Task: Leaving out the images, reproduce every line of the data that follows exactly.

____

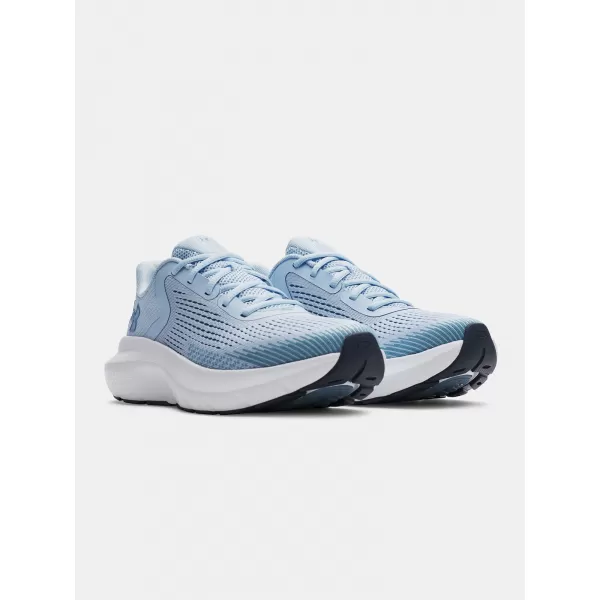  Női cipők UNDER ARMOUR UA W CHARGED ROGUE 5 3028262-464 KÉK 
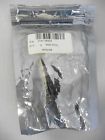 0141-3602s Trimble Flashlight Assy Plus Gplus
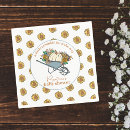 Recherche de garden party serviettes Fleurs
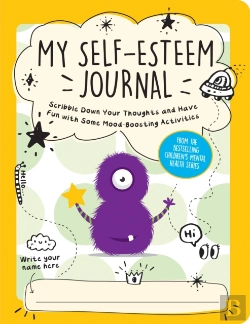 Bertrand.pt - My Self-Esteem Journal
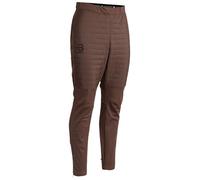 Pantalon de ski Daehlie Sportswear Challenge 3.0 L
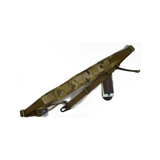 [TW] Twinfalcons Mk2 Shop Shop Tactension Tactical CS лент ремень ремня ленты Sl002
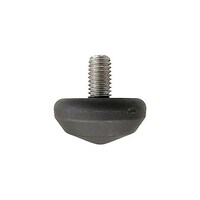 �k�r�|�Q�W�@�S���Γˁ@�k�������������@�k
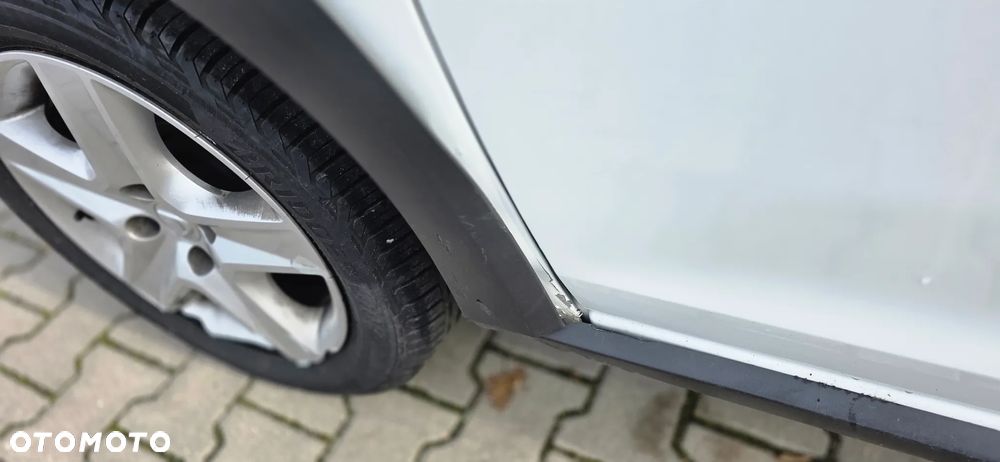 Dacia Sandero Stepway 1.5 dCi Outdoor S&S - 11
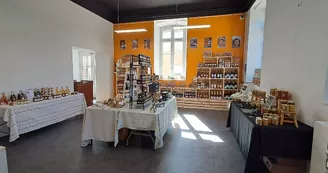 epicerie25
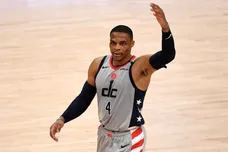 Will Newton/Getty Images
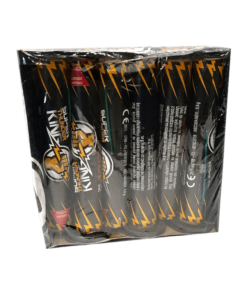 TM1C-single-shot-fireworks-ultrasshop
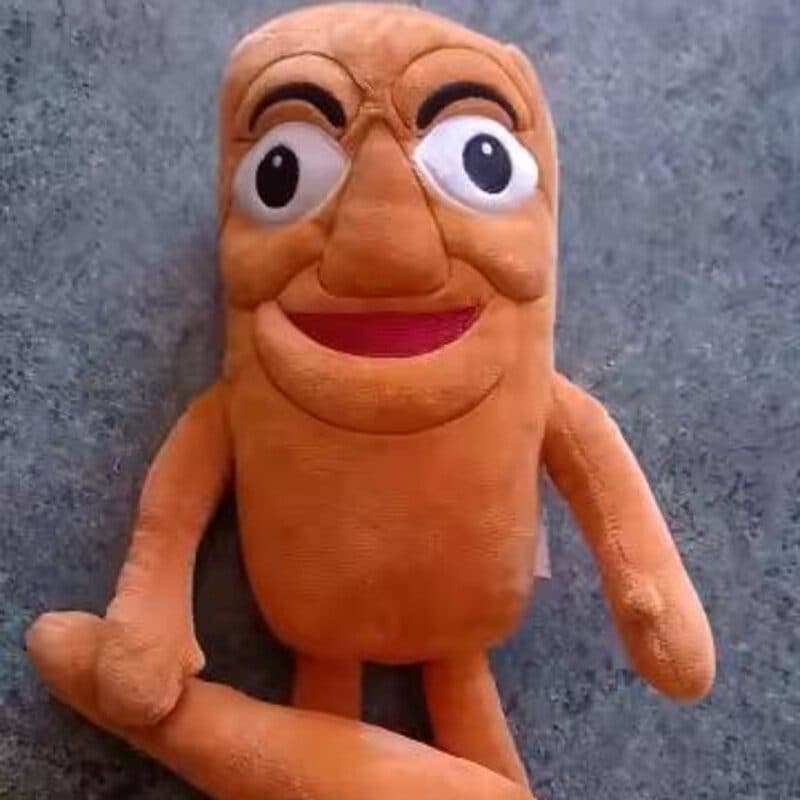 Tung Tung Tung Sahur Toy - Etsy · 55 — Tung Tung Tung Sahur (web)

____

Response to this task:
  Női cipők UNDER ARMOUR UA W CHARGED ROGUE 5 3028262-464 KÉK 
 0141-3602s Trimble Flashlight Assy Plus Gplus
 Recherche de garden party serviettes Fleurs
 Bertrand.pt - My Self-Esteem Journal
 Pantalon de ski Daehlie Sportswear Challenge 3.0 L
 [TW] Twinfalcons Mk2 Shop Shop Tactension Tactical CS лент ремень ремня ленты Sl002
 �k�r�|�Q�W�@�S���Γˁ@�k�������������@�k
 Dacia Sandero Stepway 1.5 dCi Outdoor S&S - 11
 epicerie25
 Will Newton/Getty Images
 TM1C-single-shot-fireworks-ultrasshop
 Tung Tung Tung Sahur Toy - Etsy · 55 — Tung Tung Tung Sahur (web)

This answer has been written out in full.